The brewery consists of a 10-hl brewhouse with 3-1ohl fermenters and 4 bright tanks, “just to get us rolling,” says Kristjansson. “It is designed to triple capacity in tanks.” The plan is a true brewpub operation, with pints sold on site as well as growlers and maybe some medium sized bottle off-sales out of a retail space in the building. While he doesn’t reject the idea of packaging and selling in stores, it is not his priority. ‘There are lots of wonderful brewers in Winnipeg. We won’t go beyond the pub until we have brewed enough time that we have reached consistency in our brews and then we will just look at other restaurants, the MLC growler program. Canning would be phase three or four for us down the road.”

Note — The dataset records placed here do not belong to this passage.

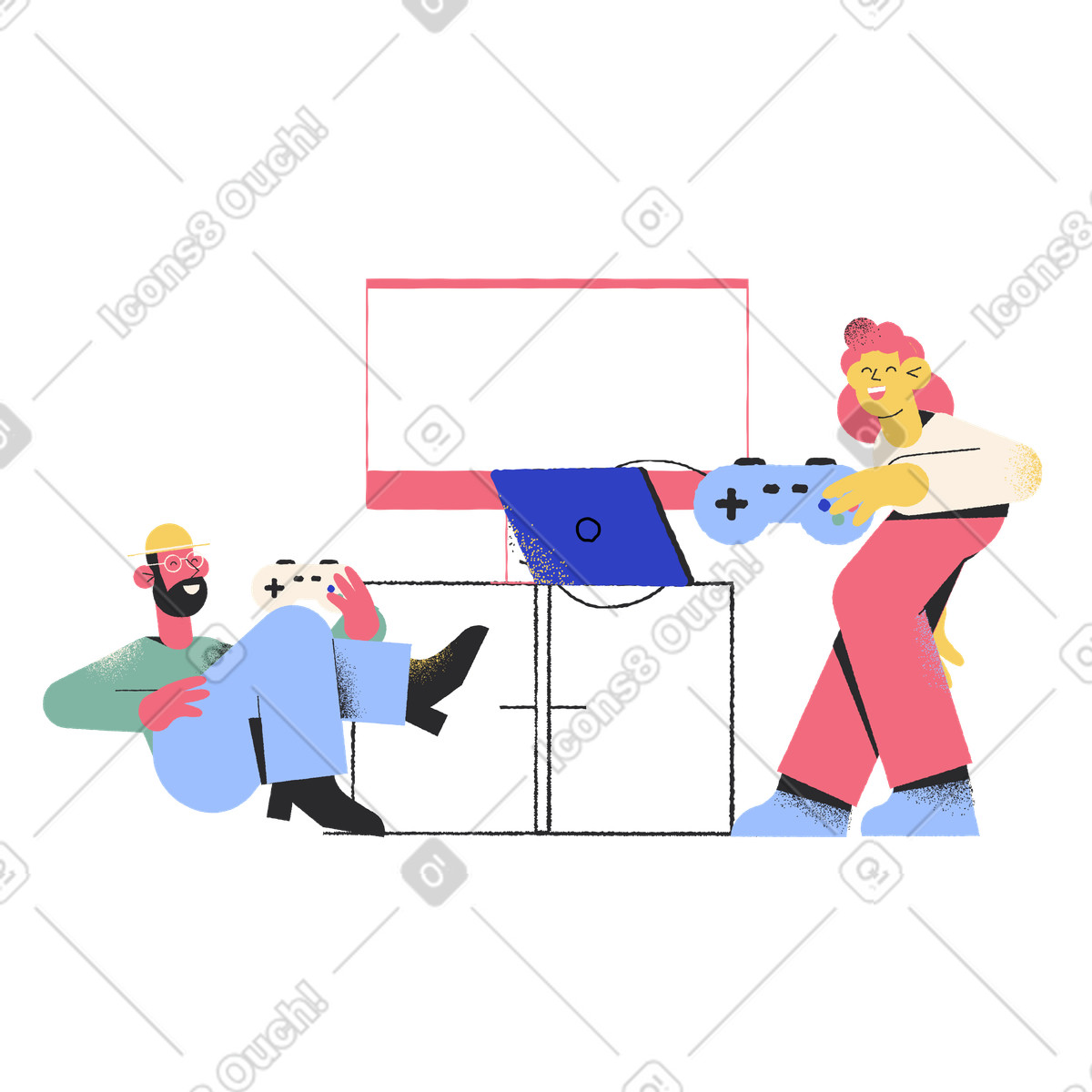 Enjoying the game illustration in Pablo style download in PNG, SVG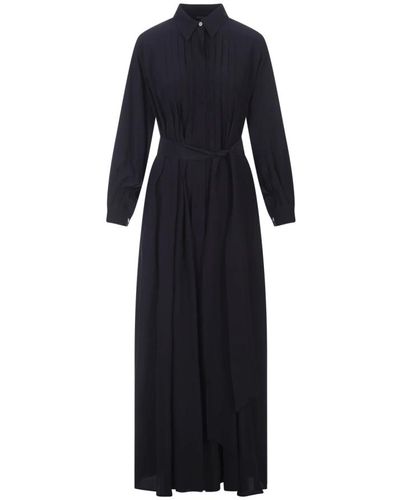 Kiton Elegante vestido camisero de seda negra - Azul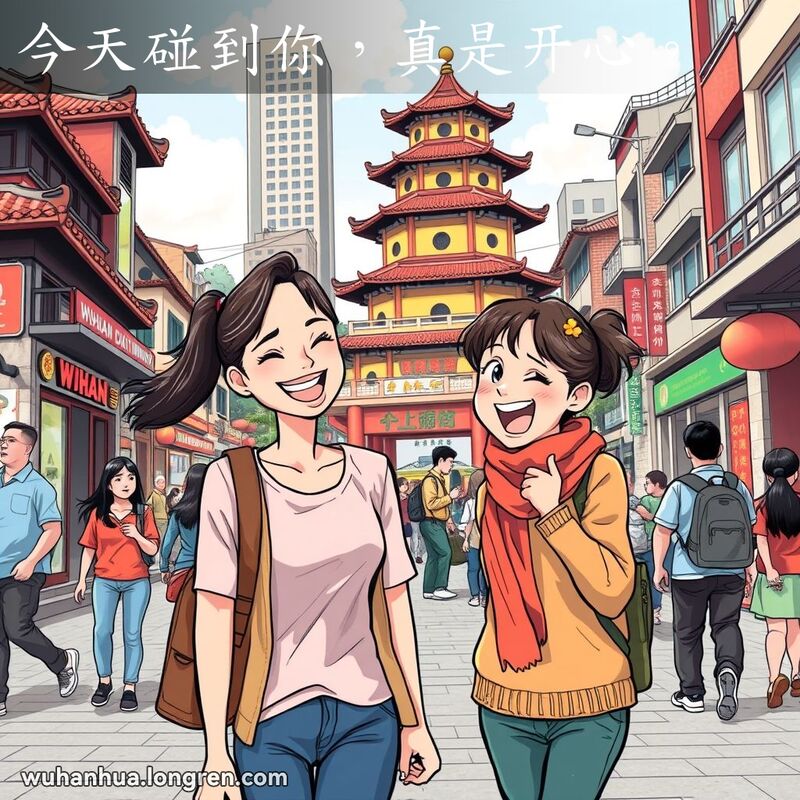 一位年轻女子在武汉街头偶遇老友，脸上露出愉快的笑容，背景是黄鹤楼和江汉路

“We are confident we will sell a lot of beer in our own building.”
Kristjansson predicts the pub will be open within a few weeks. “The building is ready, the brewery is in, the boiler is connected, we can run the glycol, we are almost ready to fire things up!”
The name, Brazen Hall, both reflects Kristjansson’s heritage and his approach to opening the brewpub. “It reflects our origins in Iceland. We have 1300 years of family tree back there,” he says. But also sees it as an attitude. “I am 48 years old, opened many businesses, made lots of mistakes, lived through them. Brazen Hall about stepping up and doing something that is personal – scary but personal. Brazen is my attitude of life. It comes down to the importance of speaking my mind honestly. What we promise, we deliver.”
For Kristjansson, this is not a project to make his riches, but to just be a part of a community. “We really want to be a local craft brewery pub,” he says. “At the end of the day we want to serve local Manitobans beer that we love and they want to drink.
“We are not grandiose. If I wanted to build a brewery and sell to AB-Inbev, it wouldn’t have been 10hl. It is small so it can be personal, so we can brew small, hand paddle-stirred beer for local people.”
Seems a brazen enough plan to me. Brazen Hall, opening soon.